Even though the book is authored by AMD people, they did a fairly good job of keeping everything vendor-neutral. They present different hardware architectures in the book and they don’t focus on AMD specific optimizations. Which is even a bit unfortunate, I would have liked to see one algorithm being picked and explained for instance which optimizations benefit which platform. Just to give the reader an idea, what even why in general, OpenCL is performance portable, some optimizations are still better suited for GPUs and other for CPUs. If you expect some really useful advice on optimizing OpenCL, this book won’t be enough for.
There’s also example code included. It compiles out-of-the-box on Linux and all samples work fine. On Mac OS X, I didn’t have success building it, and I didn’t try on Windows. There is no sample code for the OpenCL/OpenGL interop chapter. The code uses OpenCL 1.1 functions, so it should work on all platforms.

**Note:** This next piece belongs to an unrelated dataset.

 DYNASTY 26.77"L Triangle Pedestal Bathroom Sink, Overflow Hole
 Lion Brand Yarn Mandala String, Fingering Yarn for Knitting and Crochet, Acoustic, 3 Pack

So let’s sum this up: If you haven’t been using OpenCL yet, and you want a comprehensive introduction which gets you up to speed quickly, this book is for you. It gives you a good idea of the OpenCL API, the programming model and has a few good hands-on examples. You should have some idea of parallel programming though. What you can’t hope for is writing serious OpenCL application right after reading this book, as you’ll need a deeper understanding of the execution model as well as more optimization techniques than this book provides.
That should also make it clear it’s really focused on beginners. If you already know some OpenCL, and hope for some new insights, you can most likely skip this book as it doesn’t contain any advanced OpenCL programming techniques.